Ceux-ci sont très petits, de différentes formes (rond ou crochus, lisses ou rugueux) et
s’associent pour former les objets qui nous entourent. Il imagine les atomes pleins et
immuables.
Vers 350 ans av. J.-C : ARISTOTE (384 322 av. J.-C) ne croît pas à l’existence des
atomes. Pour lui, la matière est pleine et est constituée d’un mélange de quatre
« éléments » : le feu, l’air, la terre et l’eau. Son prestige est tel que le modèle de
DÉMOCRITE est abandonné. Il faudra attendre près de vingt siècles pour que la notion
d’atome soit réhabilitée. Aristote (philosophe grec) conteste cette existence et son
prestige est tel qu’il faut attendre le début du XIXème siècle pour que cette idée reprenne
vie.
Figure 1 : Images de Démocrite et d’Aristote et leur définition de l’atome
Les alchimistes du Moyen Age développent une chimie du « pifomètre ». Elle consiste
plutôt en de multiples tentatives d’expériences plus ou moins au hasard en vue d’un but,
par exemple transformer le plomb en or ! Si la compréhension des phénomènes inhérents
aux expériences ne les intéresse pas leurs comptes rendus se révèlent de bonnes sources
d’information pour les premiers chimistes « modernes » tel Lavoisier. En 1647, un
Français, Pierre GASSENDI, remet au goût du jour l’idée d’atomes et affirme que toutes
les substances se composent de particules indivisibles, les atomes. Les atomes diffèrent
par la forme, la grandeur et la masse. Selon lui, l’atome, c’est la même chose que le
matériau de construction des maisons. Avec trois sortes de matériaux briques, planches
et poutres on peut construire une foule de bâtisses des plus diverses. De la même façon,
quelques dizaines d’atomes différents permettent à la nature de créer des milliers de
corps absolument différents. Dans chacun des corps, ces atomes se réunissent en petits
groupes que Gassendi appellera « molécules ».

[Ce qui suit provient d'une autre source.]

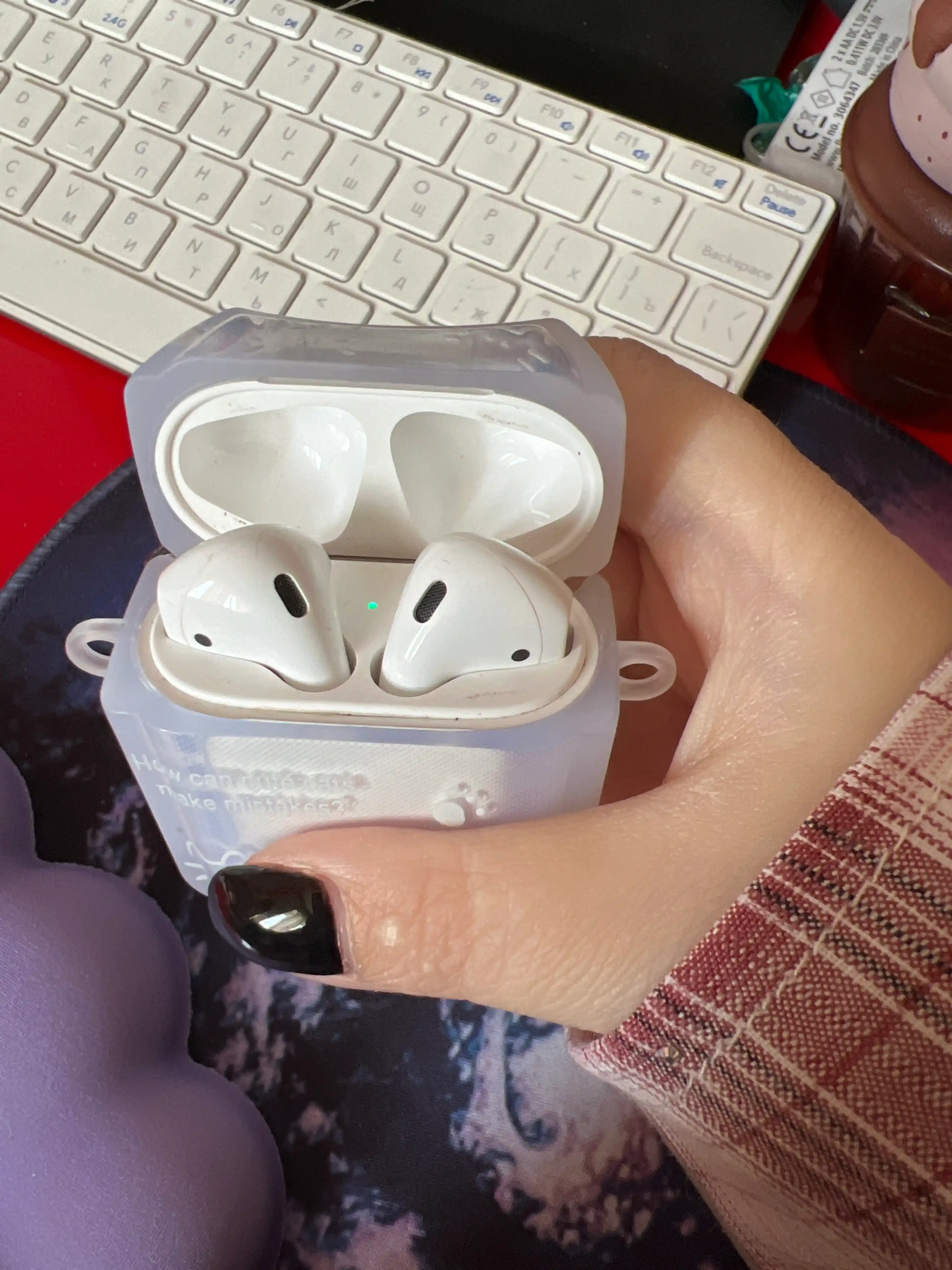 Текстурированный чехол для AirPods с объемным 3D цветком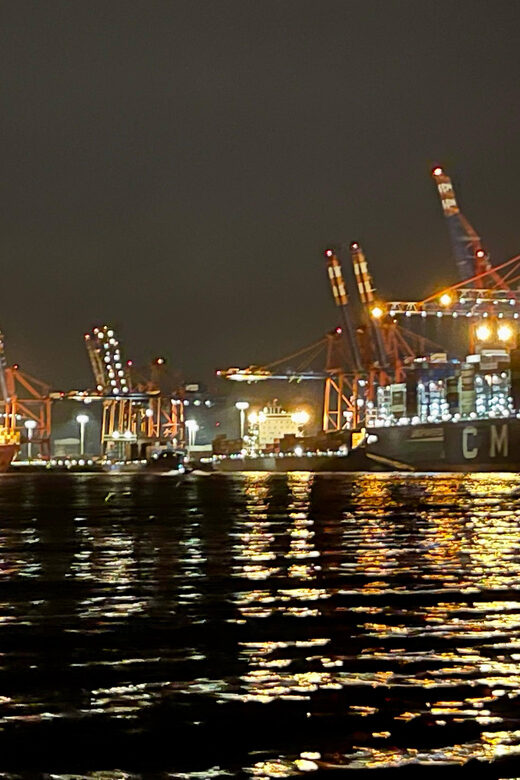 Sailing trip ''the Elbe by night", Hamburg/Elbe - Why Night Sailing on the Elbe Feels Different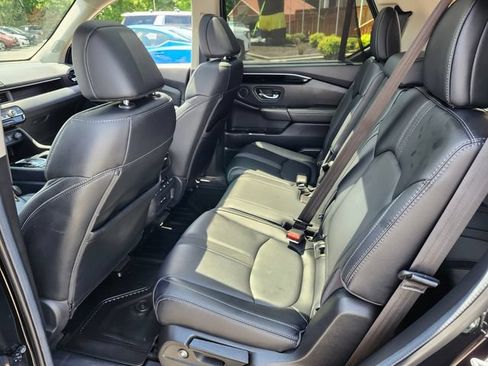 Used 2024 Honda Pilot Touring image 13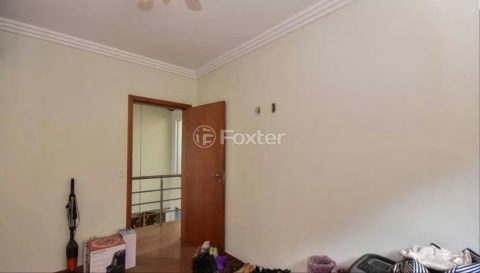 Image 37 - 1038562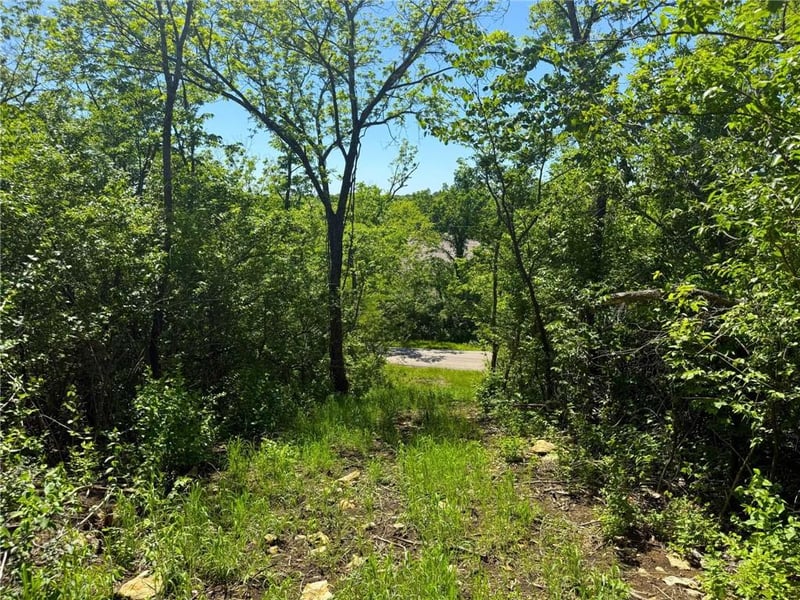 800 Stanley Rd, Tecumseh, KS 66542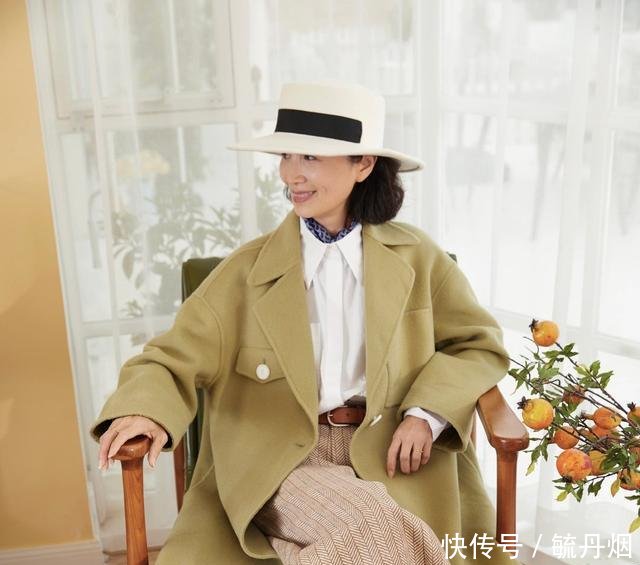  『值得』50岁之后怎么穿好看三木妈妈的日常搭配很值得学习，气质又减龄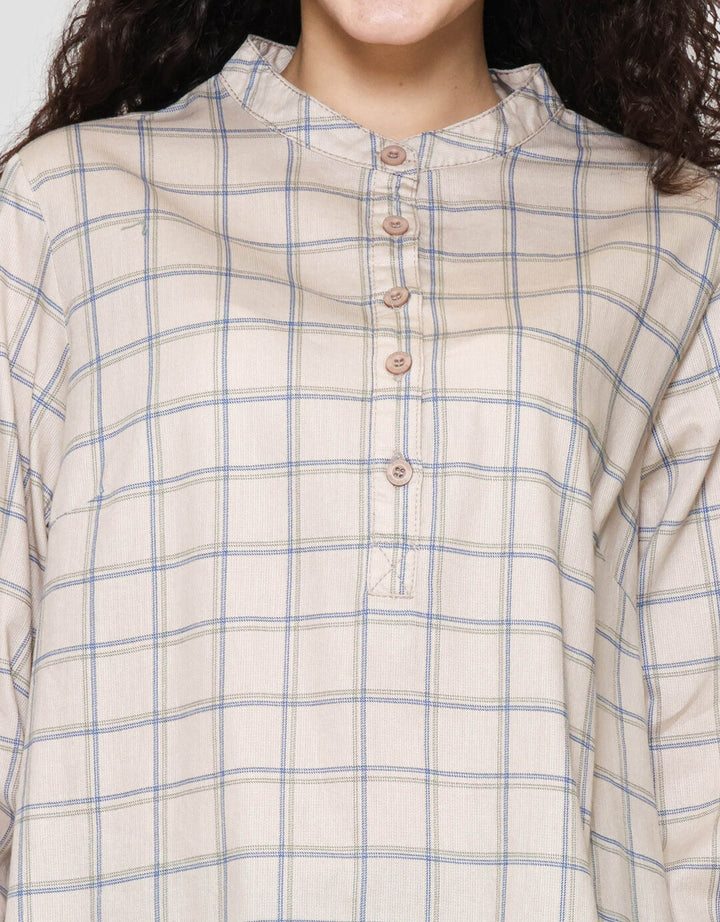 Expand Komi Blouse Wanita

En 1805, lAnglais John DALTON (1766 1844) reprend l’hypothèse de
DÉMOCRITE. Selon lui, l’atome est une sphère pleine de matière, semblable à une
boule de billard.
Figure 2 : Image de Dalton et sa définition de l’atome.
En 1897, le physicien John Joseph THOMSON (1856 1940) découvre l’un des
composants de l’atome : l’électron, particule chargée négativement.
En 1904, il propose, John Joseph THOMSON, un modèle dans lequel les électrons
sont plongés dans une sphère chargée positivement, comme des prunes (plum en anglais)
dans un pudding. Dans ce modèle, les électrons dispersés au sein de l’atome équilibrent
la charge positive de la sphère. L’ensemble est électriquement neutre. En 1881, il
découvre l’un des composants de l’atome. Il s’agit de particules élémentaires négatives
appelées en 1891 électrons. Au début du XXème siècle, l’ambition des physiciens est de
proposer un modèle de l’atome en précisant la répartition de la charge électrique à
l’intérieur de celui-ci. Thomson, partant de l’idée que l’atome est électriquement neutre,
pense qu’il doit contenir des charges positives qui doivent compenser les charges
négatives des électrons. Il suppose que la charge positive est répartie dans un petit
volume (qui peut avoir la forme d’une sphère) et qu’elle est parsemée d’électrons
(pudding de Thomson).
Figure 3 : Image de Thomson et sa définition de l’atome.
En 1909, le physicien et chimiste britannique Ernest RUTHERFORD (1871 1937)
bombarde une feuille d’or très fine avec des particules bien plus petites que les atomes
d’or et chargées positivement. Il observe qu’une tache fluorescente intense apparaît au
centre de l’écran et que quelques taches fluorescentes apparaissent à la périphérie de la
tache centrale.
Figure 4 : Schéma de l’expérience de RUTHERFORD.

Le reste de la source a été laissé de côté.